Balcones en Cartagena.
El bautismo cristiano
La controversia jesuita no versó tanto sobre la legitimidad de la esclavitud, sino sobre la del bautismo. Los jesuitas objetaron el bautismo que se entregaba sumariamente en los emporios negreros de África como requisito para entrar a América. En este caso actuaron con vehemencia. Sandoval cita una carta del padre Gómez de Cabo Verde en que confirma que se bautizaba descuidadamente: “no hacen más que juntarlos en hileras en la iglesia y a veces en la plaza”, les dan su nombre (cristiano) por escrito para que no se olviden, y les echan “sal en la boca a todos” y “agua, muchas veces con hisopos por la prisa, y así se acaba el bautismo”. La mayor parte de los esclavos que llegaban a América a las manos de los jesuitas eran bozales[7], no hablaban castellano, de modo que no entendieron nada del asunto. Muchos pensaban que el bautismo “era cosa de hechicería para comérselos los españoles” o que “así los disponían para hacerlos pólvora”[8].
Claver no fue un campeón de los derechos humanos, pero tampoco un ministro del sistema esclavista que, por lo demás, no requería de ningún ministro, sino básicamente del interés de los colonos en conseguir la mano de obra necesaria para las haciendas que la población indígena diezmada o protegida del servicio personal no podía proveer.
Los jesuitas se apoyan en el memorial que el obispo de Sevilla de la época dirige al Papa Paulo V que invalida el bautismo recibido en Guinea: el bautismo se hacía en una lengua que no conocen y en completa ignorancia de lo que se trata, “solo les han echado agua en la cabeza”. La invalidez del bautismo africano era un asunto de importancia porque concernía a la eficacia sacramental y la salvación del alma. No se puede entender a ningún misionero católico de la época sin comprender el celo que pusieron en disponer a indígenas y esclavos en una relación favorable con Dios que les permitiera acceder a la comunidad de los bautizados y, por ende, de los salvos. La caridad evangélica se entendía primeramente como el deber de ofrecer un camino efectivo de salvación, por lo demás por poca cosa a cambio, una confesión de fe libremente expresada en la promesa bautismal y una confesión que librara al penitente de pecados mortales. Estas dos cosas –bautizar y confesar– las hizo Claver durante toda su vida, casi en exclusividad en el mundo de los esclavos negros de Cartagena de Indias.
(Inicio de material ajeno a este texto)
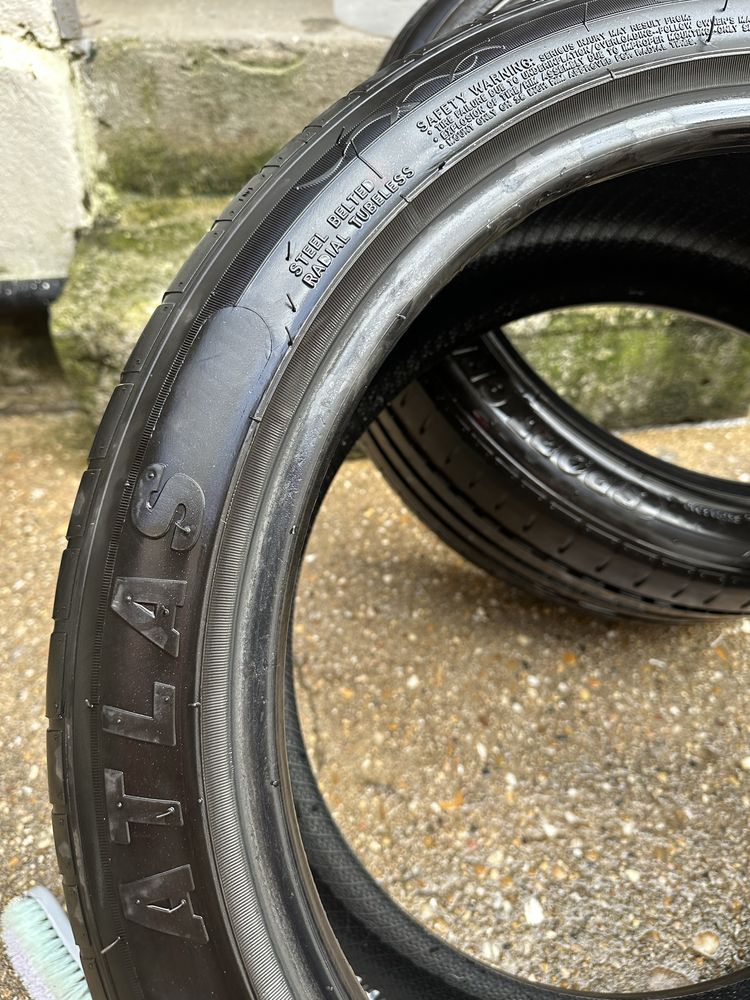 Pneus 225/45/R18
El bienestar del alma y la vida eterna siempre tuvieron prioridad sobre el del cuerpo y la vida terrena, algo quizás completamente incomprensible para muchos hoy, y sobre todo para una teóloga liberal del siglo XXI. La indiferencia política frente a la esclavitud era inversamente proporcional al celo con que interesaba la liberación eterna: el lazo servil se desataba en el cielo de un modo mucho más eficaz y decisivo que en este mundo. Walker Grimes habla de una soteriología siniestra porque los misioneros quedaban atrapados en una contradicción insoluble: el camino de la salvación se confundía con el de la esclavitud. Claver creía firmemente que les tocaba mejor suerte a los que llegaban a América y podían conocer la verdadera fe que a aquellos que permanecían libres en su propia tierra.
Claver bautizaba según las instrucciones que había dejado Sandoval, que eran comunes en la época misional. El catecismo del padre Sandoval indicaba que lo primero era explicarles qué significa el agua que se les echa en la cabeza; segundo, deben recibirla como señal de renovación y adhesión a Dios; tercero, “Dios nos está mirando aunque no lo miremos a él”. El misterio de la Santísima Trinidad se explicaba con un manteo que se pliega y despliega o con un pañuelo: “hacía en su pañuelo tres pliegues y enseñándoles y manifestándoles como eran tres, después les decía y les mostraba haciéndoles ver cómo no era más que un solo paño”[9]. Luego se enseñaba el misterio de la maternidad impecable de María. Se hacía ver que Dios tenía dos casas, el cielo y el infierno, y el destino de unos y otros en el cielo y en el infierno. Por último, se repasaba el misterio de la Resurrección de Nuestro Señor. “Con que comprendan estas verdades –dice Sandoval– es suficiente para entregar el bautismo”.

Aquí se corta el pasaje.